• WHAT IS NEEDED
Would you copy exactly the lines in the data below from the one that has "INVEST NOW! ELEGANT" through the one that has "Improve Mental Performance", dropping any pictures?

• DATASET CONTENT
:::
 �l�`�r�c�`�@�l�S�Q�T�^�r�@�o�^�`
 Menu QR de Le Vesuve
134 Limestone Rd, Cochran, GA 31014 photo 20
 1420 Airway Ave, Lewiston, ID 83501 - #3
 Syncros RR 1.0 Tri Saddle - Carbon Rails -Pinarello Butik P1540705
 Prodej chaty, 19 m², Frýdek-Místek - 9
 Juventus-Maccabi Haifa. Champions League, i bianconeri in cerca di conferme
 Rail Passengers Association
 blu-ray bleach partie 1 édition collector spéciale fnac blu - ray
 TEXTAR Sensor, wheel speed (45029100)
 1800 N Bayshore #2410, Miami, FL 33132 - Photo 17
:::
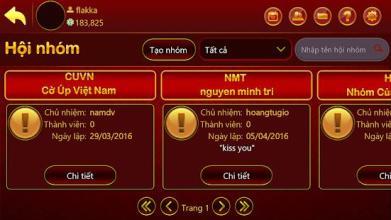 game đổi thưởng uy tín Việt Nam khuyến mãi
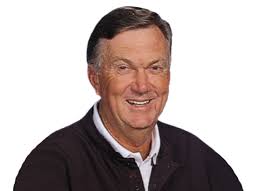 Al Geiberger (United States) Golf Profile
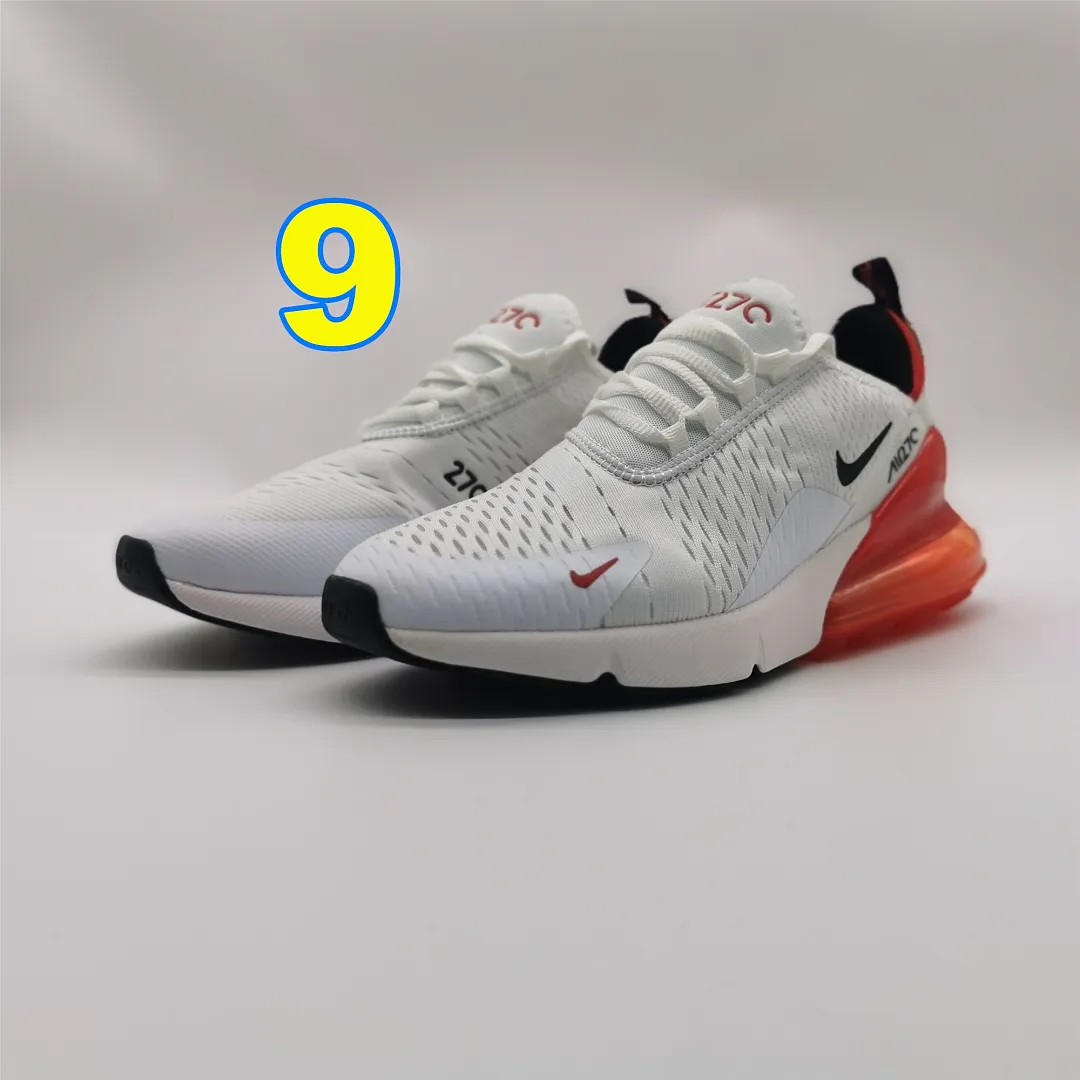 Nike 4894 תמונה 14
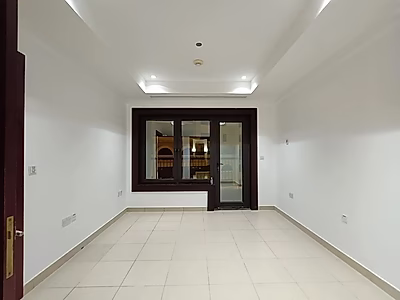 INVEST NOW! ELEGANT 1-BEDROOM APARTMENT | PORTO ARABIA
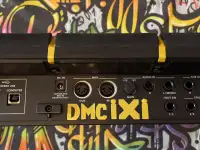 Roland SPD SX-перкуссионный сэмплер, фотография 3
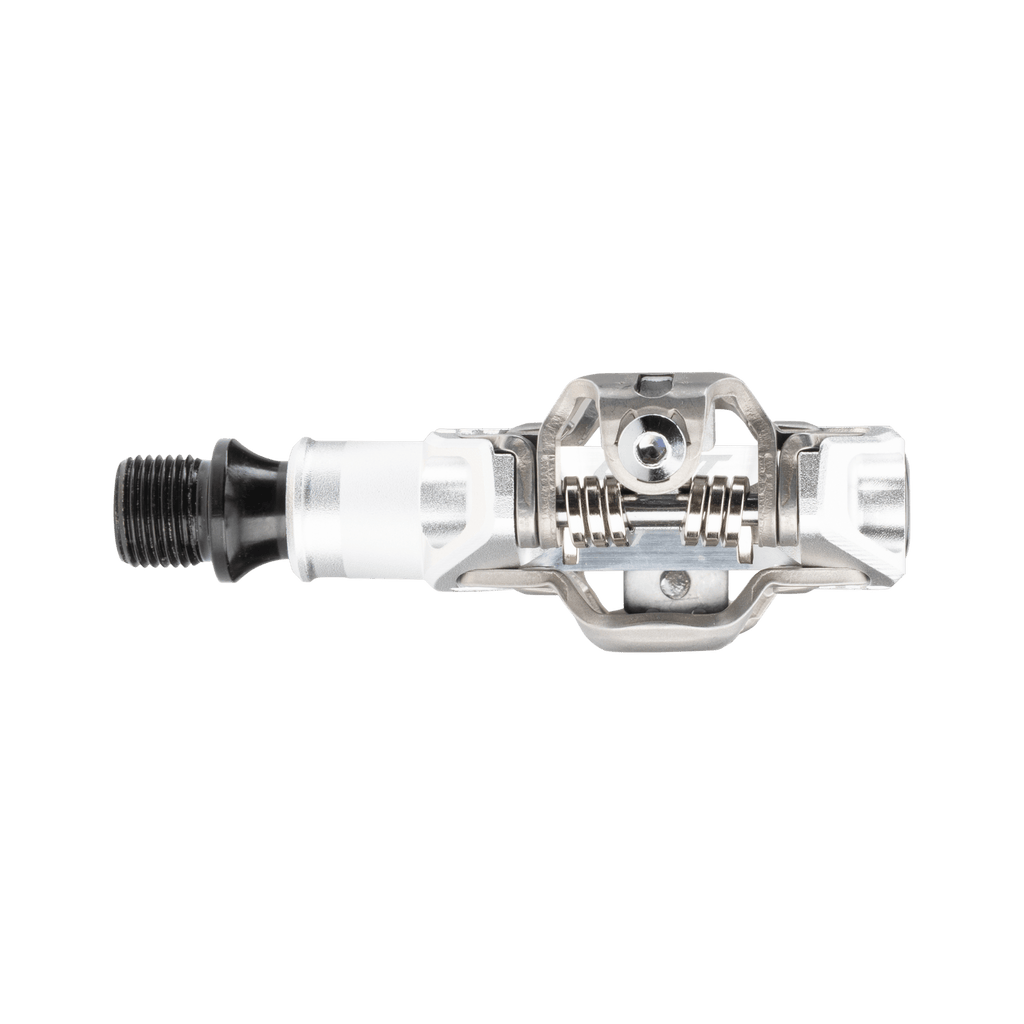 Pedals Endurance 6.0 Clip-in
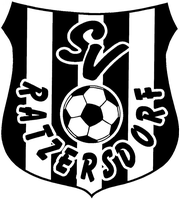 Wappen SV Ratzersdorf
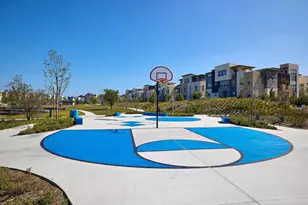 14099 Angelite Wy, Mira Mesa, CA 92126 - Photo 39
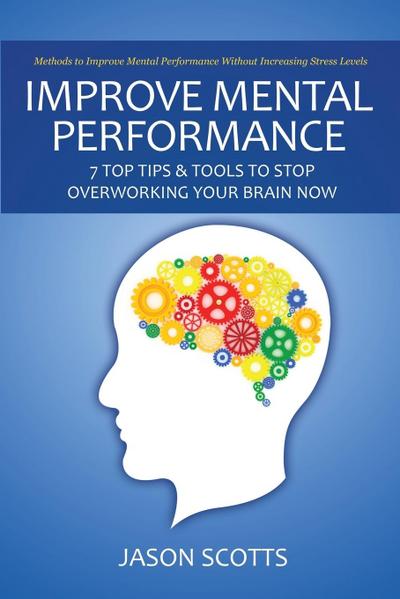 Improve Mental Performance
:::
• OUTPUT FOR THIS TASK
 INVEST NOW! ELEGANT 1-BEDROOM APARTMENT | PORTO ARABIA
 Roland SPD SX-перкуссионный сэмплер, фотография 3
 Pedals Endurance 6.0 Clip-in
 Wappen SV Ratzersdorf
 14099 Angelite Wy, Mira Mesa, CA 92126 - Photo 39
 Improve Mental Performance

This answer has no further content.